_What you should do_
Set down only these lines, exactly: the line containing "MOTOR OEM, 6006377-00-L" and all lines through the end of the data below. Omit pictures.

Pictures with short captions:
______________________________
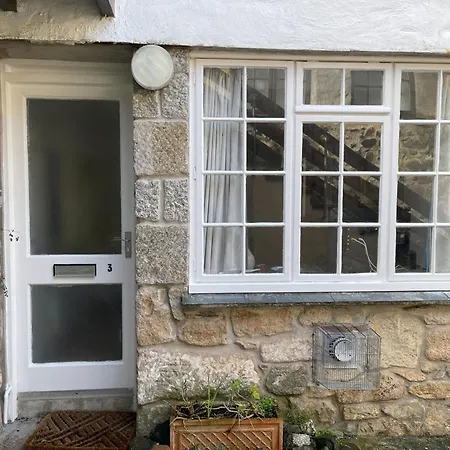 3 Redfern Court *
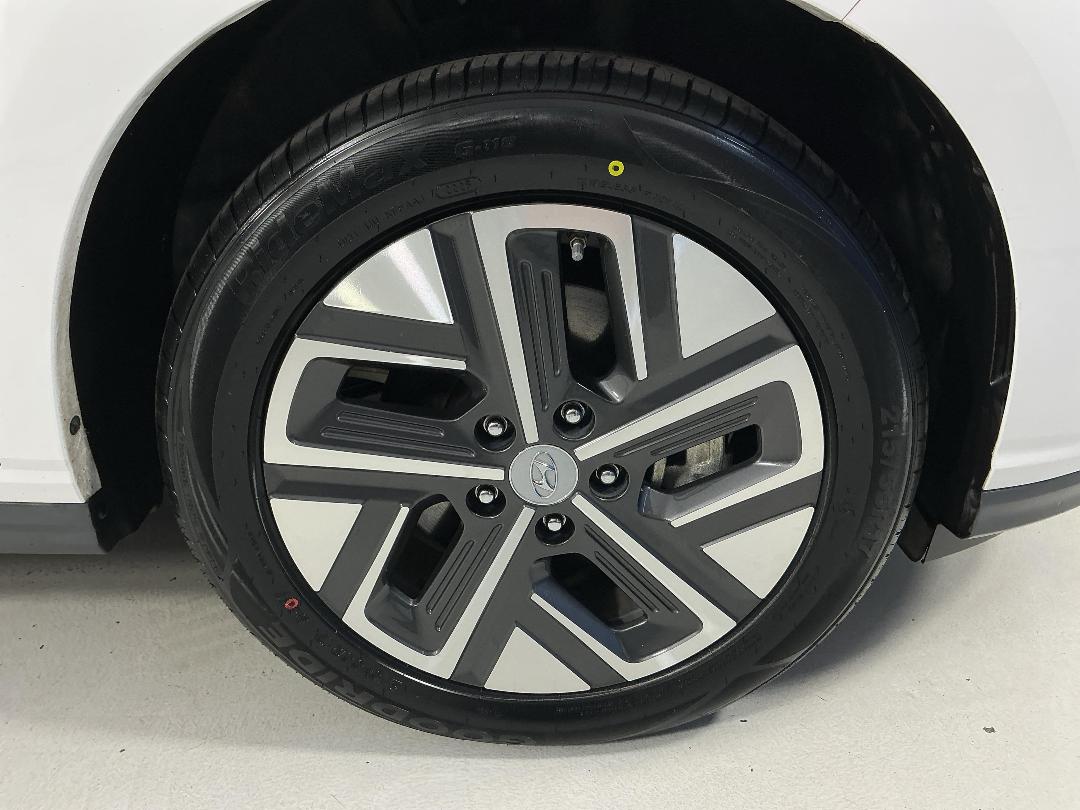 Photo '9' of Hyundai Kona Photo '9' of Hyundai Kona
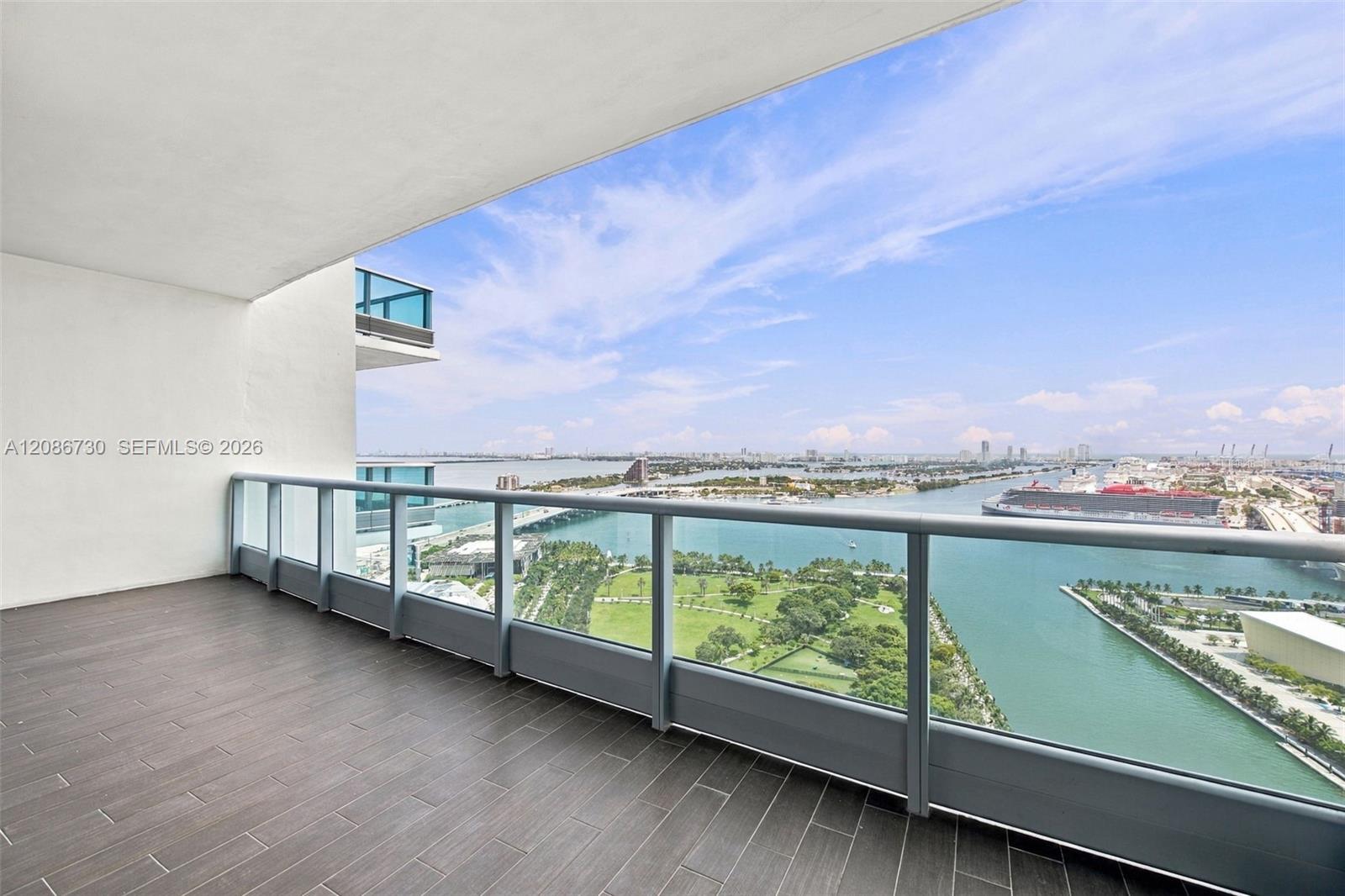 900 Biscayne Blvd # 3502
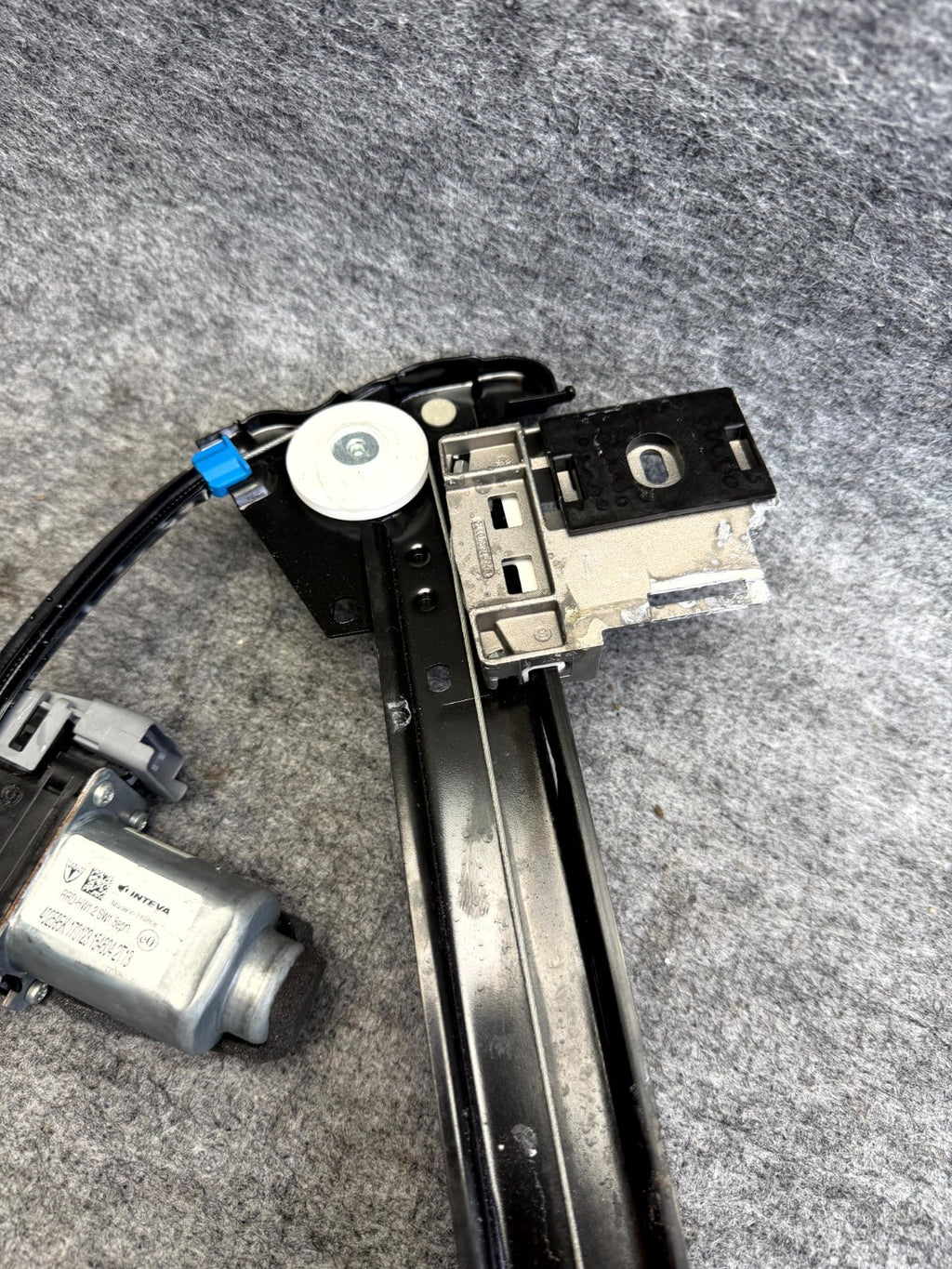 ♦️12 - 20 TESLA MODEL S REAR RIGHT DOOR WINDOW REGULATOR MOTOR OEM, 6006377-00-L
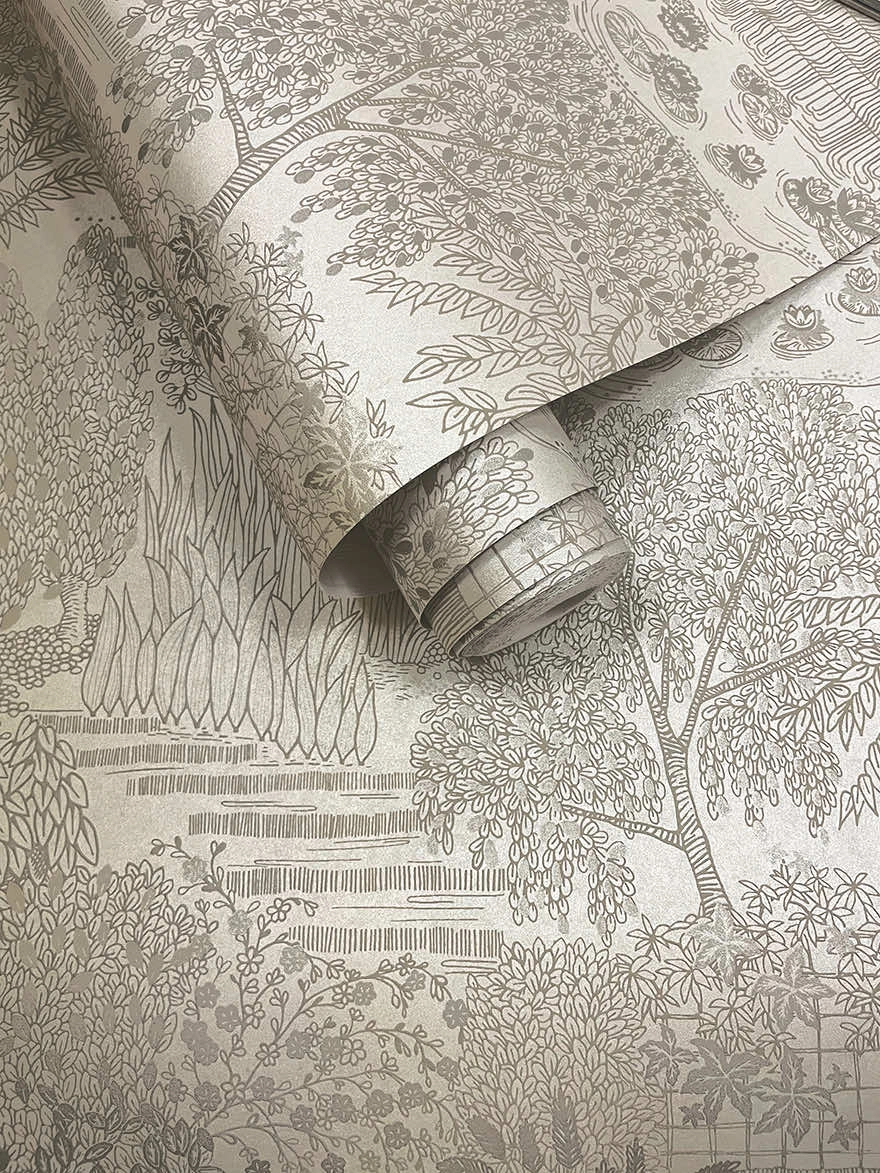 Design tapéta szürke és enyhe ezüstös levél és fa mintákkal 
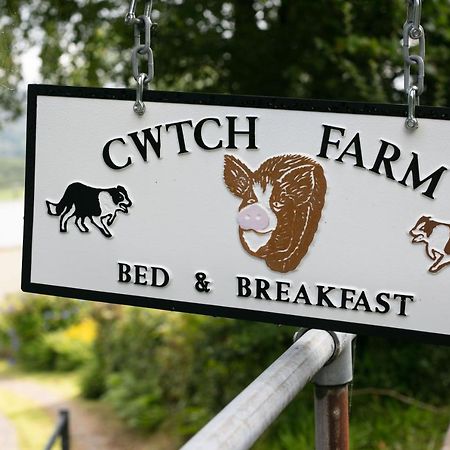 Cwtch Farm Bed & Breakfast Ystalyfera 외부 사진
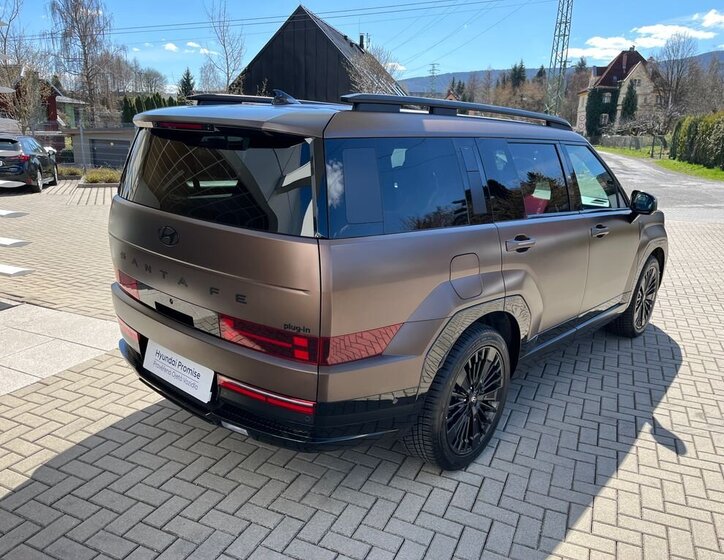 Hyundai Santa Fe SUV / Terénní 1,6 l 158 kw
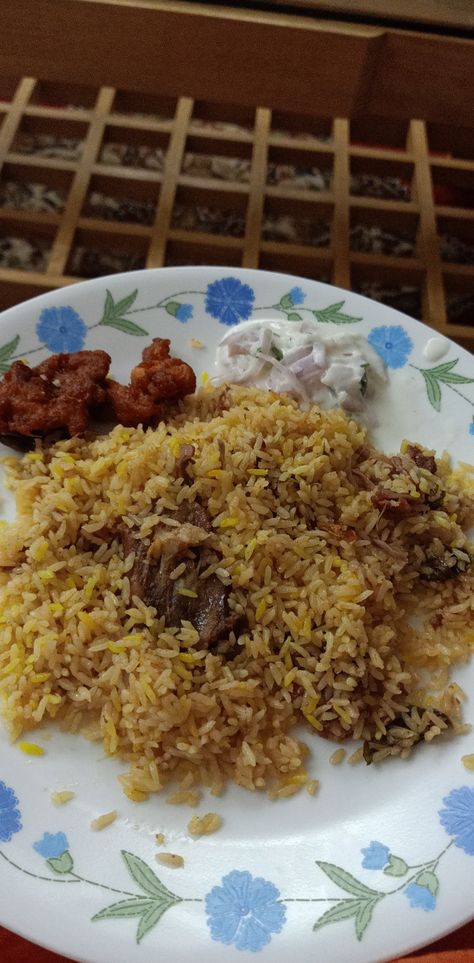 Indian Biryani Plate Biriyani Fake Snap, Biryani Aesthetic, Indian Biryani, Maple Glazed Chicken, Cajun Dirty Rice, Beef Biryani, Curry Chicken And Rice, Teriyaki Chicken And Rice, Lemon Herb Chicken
______________________________
_Expected output_
 ♦️12 - 20 TESLA MODEL S REAR RIGHT DOOR WINDOW REGULATOR MOTOR OEM, 6006377-00-L
 Design tapéta szürke és enyhe ezüstös levél és fa mintákkal 
 Cwtch Farm Bed & Breakfast Ystalyfera 외부 사진
 Hyundai Santa Fe SUV / Terénní 1,6 l 158 kw
 Indian Biryani Plate Biriyani Fake Snap, Biryani Aesthetic, Indian Biryani, Maple Glazed Chicken, Cajun Dirty Rice, Beef Biryani, Curry Chicken And Rice, Teriyaki Chicken And Rice, Lemon Herb Chicken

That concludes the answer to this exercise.